WHAT YOU ARE ASKED TO DO —
Find the line containing "Lanie Eyelet Short" in the material below, then please transcribe it and each line after it exactly, without the pictures.

- - - - -

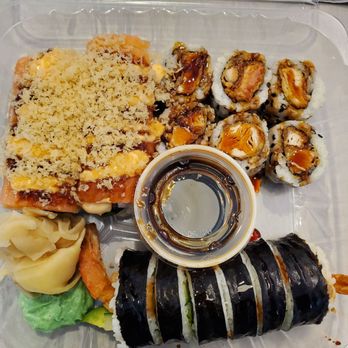 Screaming Tuna - Sold out roll on the left, Sesame chicken roll top right, and shrimp tempura roll on the bottom - Sushi Bars Near Me - Milwaukee, Wisconsin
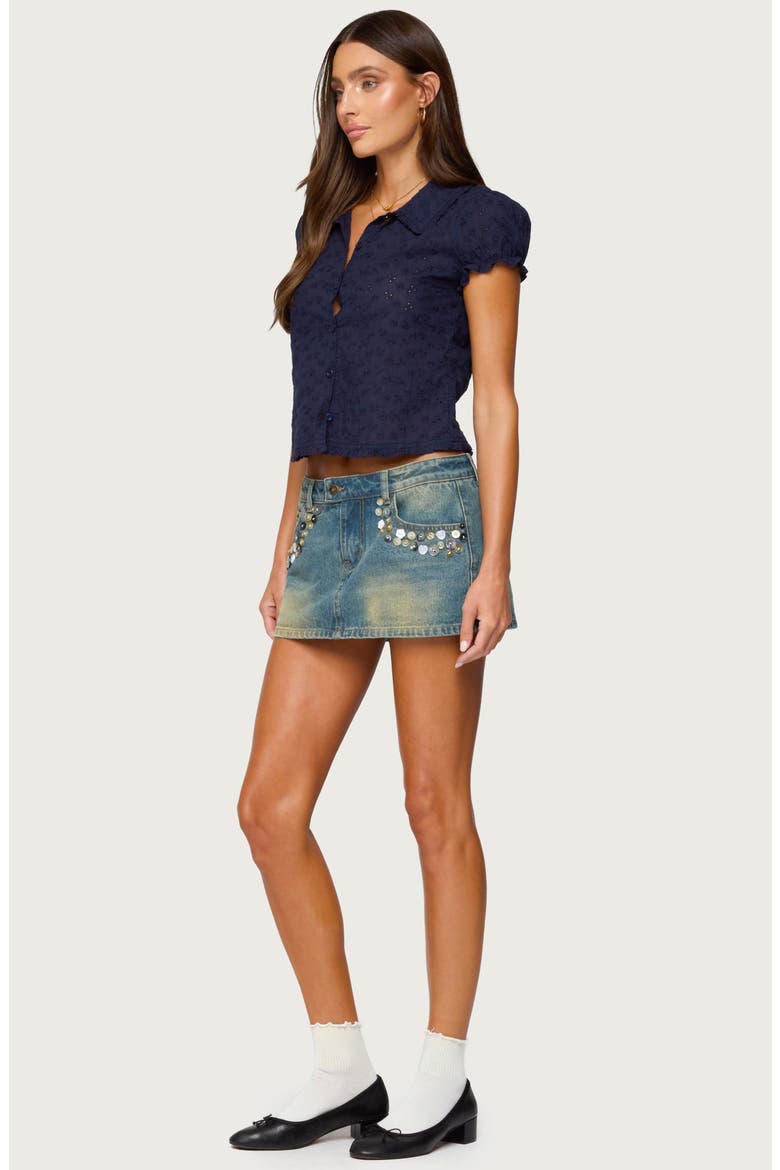 Lanie Eyelet Short Sleeve Crop Button-Up Shirt, Alternate, color, NAVY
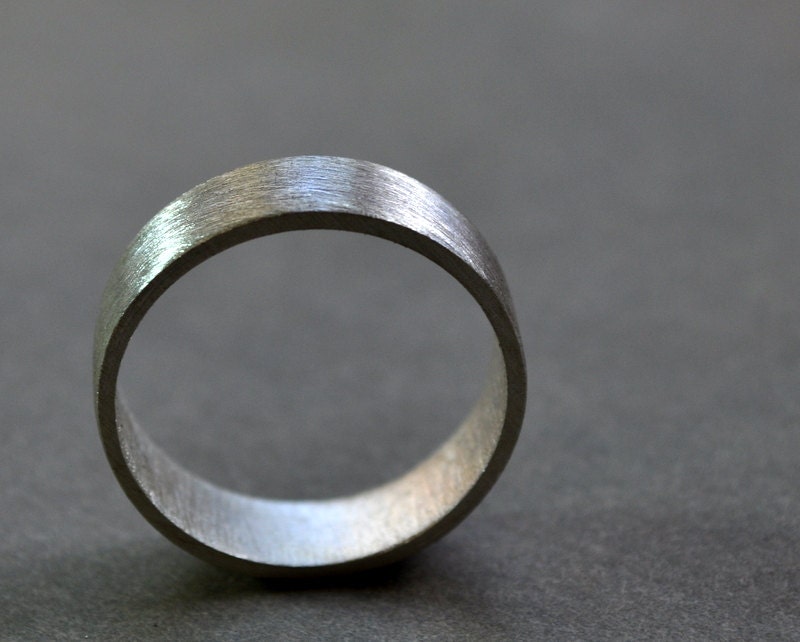 Men's Wedding Ring. Wide Flat Band. Modern Contemporary Simple Sleek Elegant Design. Sterling Silver. Jewellery. Jewelry.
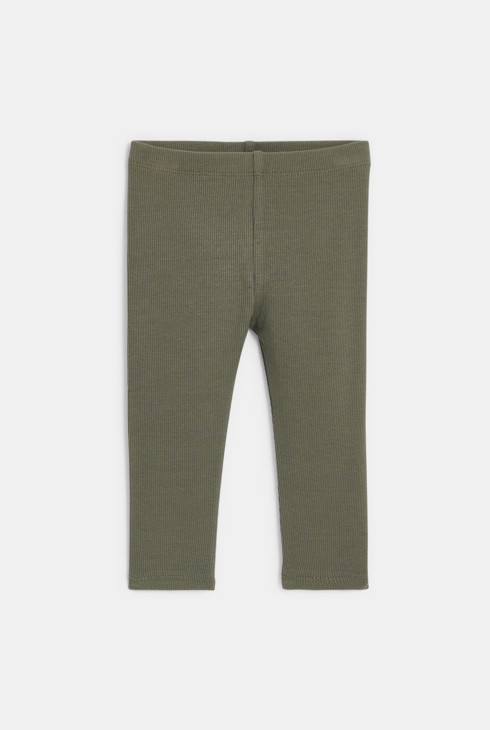 Gelbes Molton-Kleid mit Druck und grüne Leggings Baby Mädchen 2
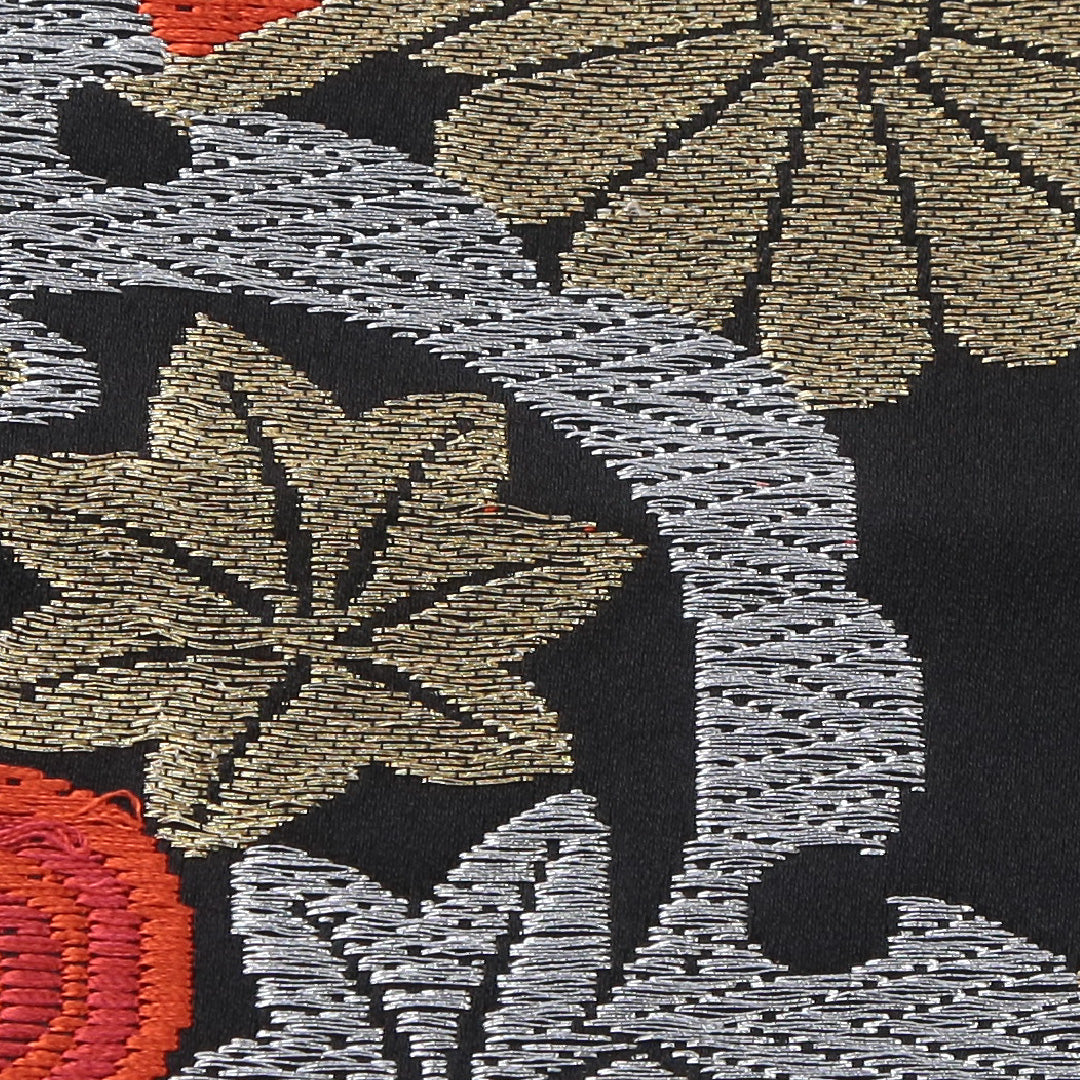 袋帯 帯丈414cm フォーマル 六通 未仕立て 帯芯なし Aランク 正絹 毘沙門亀甲 菊 黒系 1223-02229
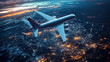 © wiparat - Aerial view of an airplane flying over a connected global network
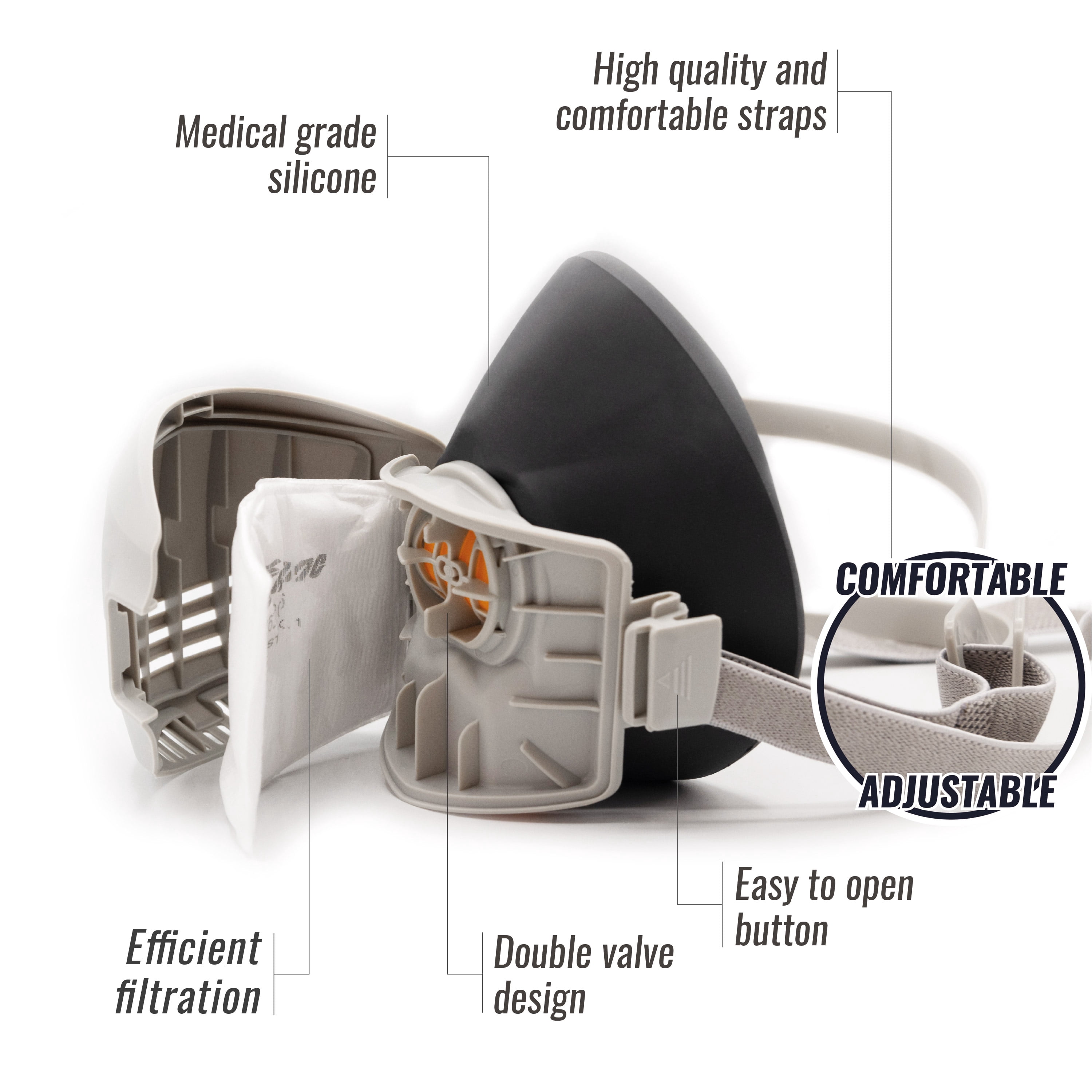 Reusable Respirator Mask with 7 Filters  Half Mask Respirator for Woodworking, Welding, Polishing Painting and Work Protection  Comfortable Quick-Release Headband and Dual Filtration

- - - - -

WORKED SOLUTION —
 Lanie Eyelet Short Sleeve Crop Button-Up Shirt, Alternate, color, NAVY
 Men's Wedding Ring. Wide Flat Band. Modern Contemporary Simple Sleek Elegant Design. Sterling Silver. Jewellery. Jewelry.
 Gelbes Molton-Kleid mit Druck und grüne Leggings Baby Mädchen 2
 袋帯 帯丈414cm フォーマル 六通 未仕立て 帯芯なし Aランク 正絹 毘沙門亀甲 菊 黒系 1223-02229
 © wiparat - Aerial view of an airplane flying over a connected global network
 Reusable Respirator Mask with 7 Filters  Half Mask Respirator for Woodworking, Welding, Polishing Painting and Work Protection  Comfortable Quick-Release Headband and Dual Filtration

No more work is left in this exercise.